As I’ve previously discussed, English accents exhibit various types of /r/ sounds. Yet few are as peculiar as the /r/ once typical of an accent known as the Northumbrian burr, spoken in rural areas of Northeast England.
The burr was notorious for its uvular /r/ sound, similar to the /r/ in Metropolitan French or Standard German. To put that into impressionistic terms, it was a ‘swallowed’ r, pronounced from the back of the throat.
The burr is clearly audible in this old recording made for the Survey of English dialects in the 1950’s (courtesy of the British Library).
[more…]
Where did this strangely ‘continental’ /r/ come from? What makes this region so unique that from its villages would emerge this most rare of English rhotics? One possible clue can be found in the history of English in the area, as summarized in this passage from a description of Middle English dialects* on the UPenns’s Linguistics Department website:
In the aftermath of the great Scandinavian invasions of the 860’s and 870’s, large numbers of Scandinavian families settled in northern and northeastern England … in some areas their settlements had so completely displaced the preexisting English settlements that they cannot have had sufficient contact with native speakers of Old English to learn the language well. They learned it badly, carrying over into their English various features of Norse…
So it seems there was a stronger-than-usual connection between the English in Northumbria and Old Norse. Those with some knowledge of Scandinavian tongues might see a possible link in that Danish and certain dialects of Swedish and Norwegian feature uvular /r/’s. But in their book Dialectology, linguists JK Chambers and Peter Trudgill posit that the uvular /r/ heard in modern Scandinavian countries actually originated in Paris, and spread from city to city in Western and Northern Europe.
So how the Scandinavian connection might have actually produced the unusual /r/ of the region is anyone’s guess. Nevertheless, it seems that the region was linguistically isolated from the beginning.
As to how the /r/ disappeared, well, that one isn’t so difficult to figure out. The ‘standard’ English alveolar approximant has conquered the traditional trills that were once part of rural English dialects. Although its memory lives on, the Northumbrian burr will most likely never reemerge.
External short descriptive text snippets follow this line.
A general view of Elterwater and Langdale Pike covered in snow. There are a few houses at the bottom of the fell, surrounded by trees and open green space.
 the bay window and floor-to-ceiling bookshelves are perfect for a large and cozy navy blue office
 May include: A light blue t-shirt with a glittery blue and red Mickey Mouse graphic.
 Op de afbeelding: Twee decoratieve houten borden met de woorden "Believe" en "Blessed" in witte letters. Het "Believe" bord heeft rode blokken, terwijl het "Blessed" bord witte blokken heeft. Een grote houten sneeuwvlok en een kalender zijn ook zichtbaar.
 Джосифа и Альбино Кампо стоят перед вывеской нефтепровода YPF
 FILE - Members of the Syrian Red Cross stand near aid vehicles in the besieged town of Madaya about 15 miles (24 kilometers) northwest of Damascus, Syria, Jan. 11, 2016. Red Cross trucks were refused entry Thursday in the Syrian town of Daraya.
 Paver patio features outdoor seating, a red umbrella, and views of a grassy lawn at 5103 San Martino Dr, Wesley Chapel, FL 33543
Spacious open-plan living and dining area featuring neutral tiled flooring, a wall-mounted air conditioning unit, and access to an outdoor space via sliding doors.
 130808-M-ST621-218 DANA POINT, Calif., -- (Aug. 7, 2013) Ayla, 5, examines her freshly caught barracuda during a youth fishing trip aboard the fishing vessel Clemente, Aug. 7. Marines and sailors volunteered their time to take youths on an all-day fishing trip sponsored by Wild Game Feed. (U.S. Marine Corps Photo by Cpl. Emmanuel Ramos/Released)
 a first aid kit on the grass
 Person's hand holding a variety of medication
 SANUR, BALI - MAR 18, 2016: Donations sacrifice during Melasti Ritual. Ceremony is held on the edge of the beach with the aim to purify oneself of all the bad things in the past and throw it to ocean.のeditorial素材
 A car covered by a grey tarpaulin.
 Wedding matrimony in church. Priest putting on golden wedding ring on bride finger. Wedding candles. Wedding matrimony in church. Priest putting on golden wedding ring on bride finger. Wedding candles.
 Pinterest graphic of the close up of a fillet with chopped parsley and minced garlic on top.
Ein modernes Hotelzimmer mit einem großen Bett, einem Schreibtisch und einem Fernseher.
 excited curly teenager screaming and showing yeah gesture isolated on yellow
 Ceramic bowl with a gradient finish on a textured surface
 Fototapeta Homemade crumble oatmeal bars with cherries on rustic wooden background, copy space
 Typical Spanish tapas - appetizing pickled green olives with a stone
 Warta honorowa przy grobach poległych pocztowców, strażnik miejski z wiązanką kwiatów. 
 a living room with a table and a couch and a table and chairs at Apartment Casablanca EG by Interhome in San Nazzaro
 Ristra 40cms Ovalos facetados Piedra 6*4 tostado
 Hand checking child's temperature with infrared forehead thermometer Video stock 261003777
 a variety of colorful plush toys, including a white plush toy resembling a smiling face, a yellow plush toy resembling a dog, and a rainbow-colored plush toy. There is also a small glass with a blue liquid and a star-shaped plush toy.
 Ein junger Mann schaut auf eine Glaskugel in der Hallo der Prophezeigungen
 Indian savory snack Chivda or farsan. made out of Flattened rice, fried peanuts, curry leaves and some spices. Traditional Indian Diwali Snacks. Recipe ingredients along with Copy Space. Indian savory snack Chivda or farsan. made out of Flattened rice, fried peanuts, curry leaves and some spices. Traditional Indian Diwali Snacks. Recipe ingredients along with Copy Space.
*I’ve yet to find out who the author is of this page, as it’s buried in a largely inaccessible part of the website.
The description you mention appears to be by:
Donald Ringe, Kahn Term Professor in Linguistics
Historical linguistics, Indo-European, morphology (Ph.D. Yale, 1984)
(I suppose it’s possible that Dr. Ringe is not the author, but the editor, of that particular page; but at any rate, it’s related to his field, and that’s his name and first initial in the URL.)
Well, that makes a ton of sense. Don’t know why I didn’t make that connection before!
That’s “What ever happened”, with a space, i.e. “what, at any time, happened”. “Whatever happened” would be a nominal clause, not a question.
– The north east – and modern Northumberland in particular – were largely beyond the range of the Scandinavian settlement. This can be seen graphically in the case of place names and also in the use of geographic terms of Scandinavian origin like “fell” and “beck”. This just adds to the unlikeliness of a Scandinavian origin.
An interesting map, which rather surprised me. Although it is not as though there is no Scandinavian influence there, and some place endings are not in the list, such as -wick, as in Berwick.
Here is an interesting overview article:
TYNESIDE and NORTHUMBRIAN DIALECT
Some interesting stuff from the Ordnance Survey on placenames, focusing on Scotland, as (so they say) these have been less subject to later linguistic changes, and so retain the Scandinavian elements more clearly:
Placenames
Scandinavian intro
glossary
Scandinavian guide (pdf)
I read that the Northumbrian ‘r’ came about because of the high regard for the local hero Hotspur “Percy” who had a similar speech pattern.
There are also some Irish and Scottish accents/idiolects (idiocents?) with uvular R (I’m sorry if people have already pointed this out on here a million times). And Northumbria borders Scotland of course.
Uvuluar /r/s in those accents are different though: They’re typically found in exclusively syllable-coda positions.